§ **Exercise data**

[Start of Attachment]

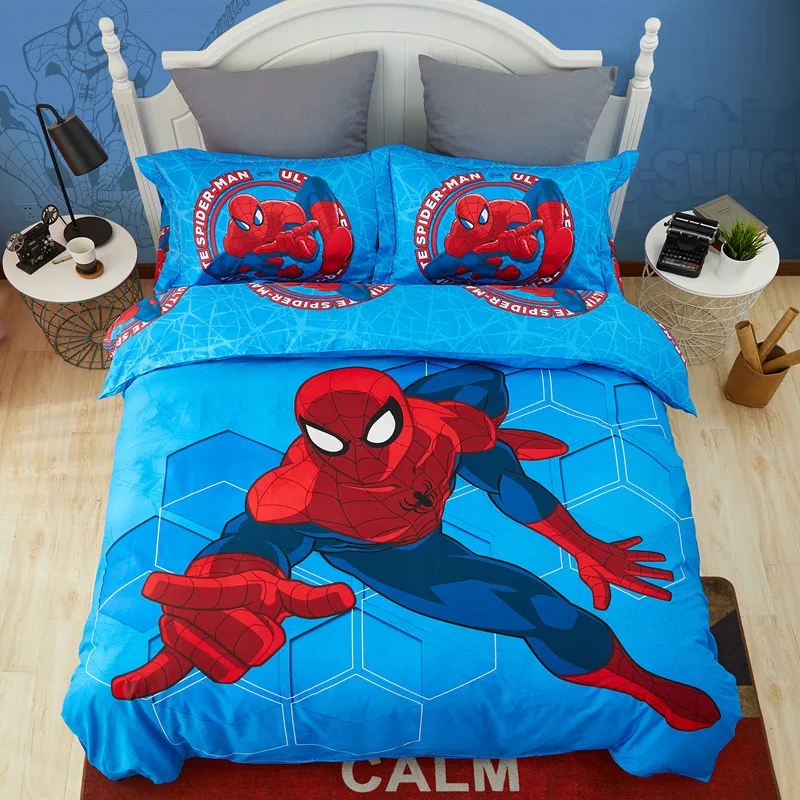 spiderman queen bed set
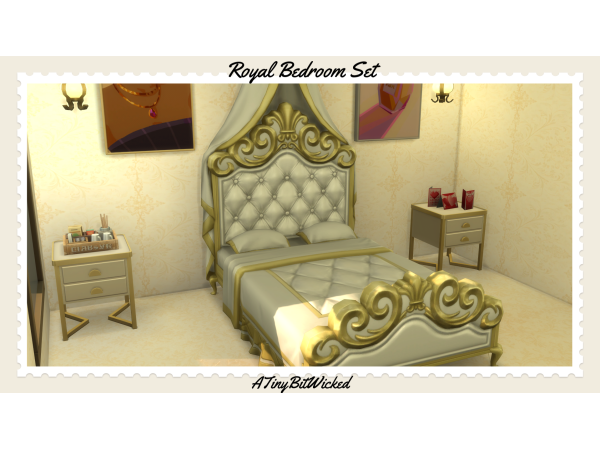 Alpha Royal Bedroom Wall and Floor - The Sims 4 Custom Content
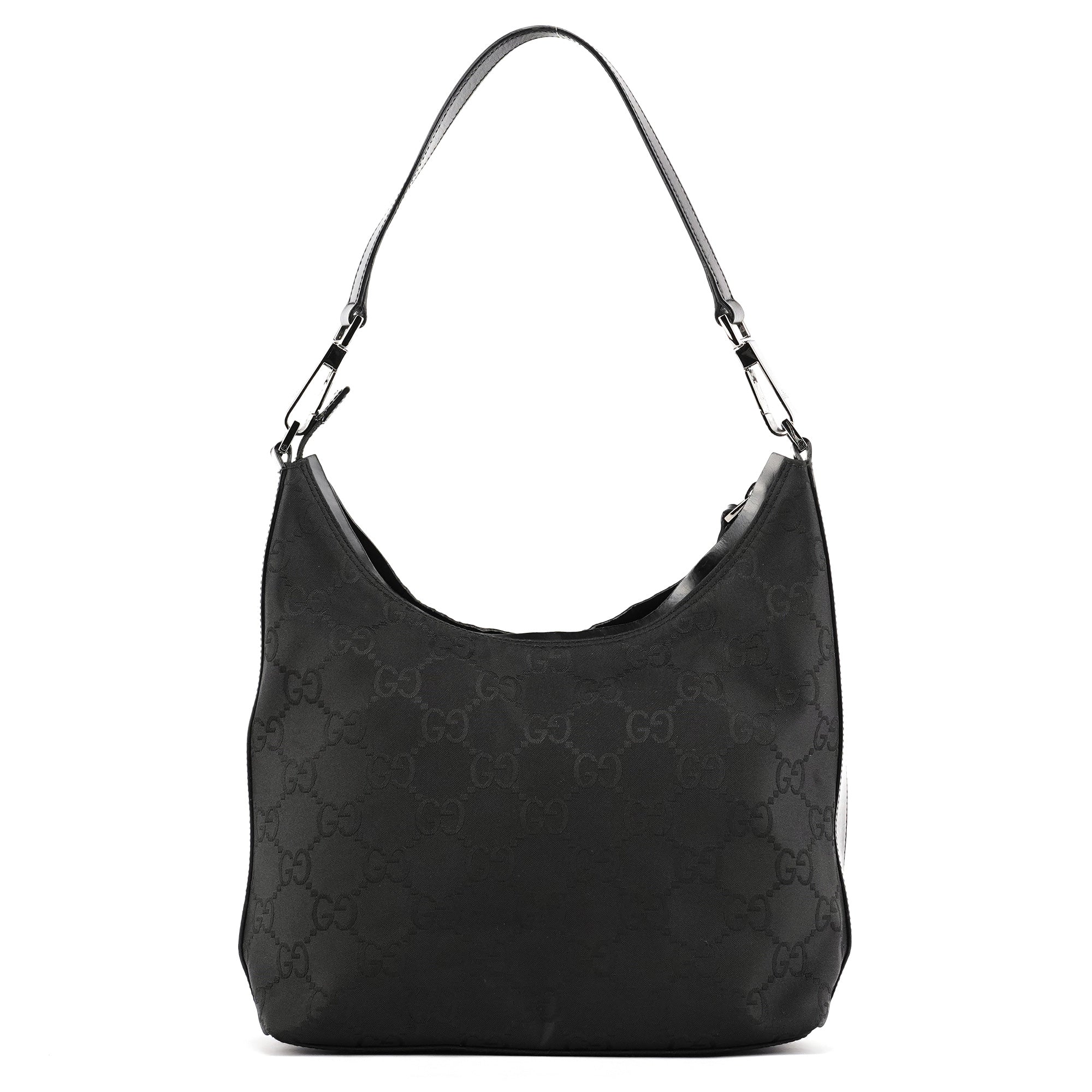 28335 Black GG Hobo Shoulder Bag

[End of Attachment]

§ **About this task**
Drop every image, please, and write out the data above exactly as shown.

§ **Answer for this exercise**
 spiderman queen bed set
 Alpha Royal Bedroom Wall and Floor - The Sims 4 Custom Content
 28335 Black GG Hobo Shoulder Bag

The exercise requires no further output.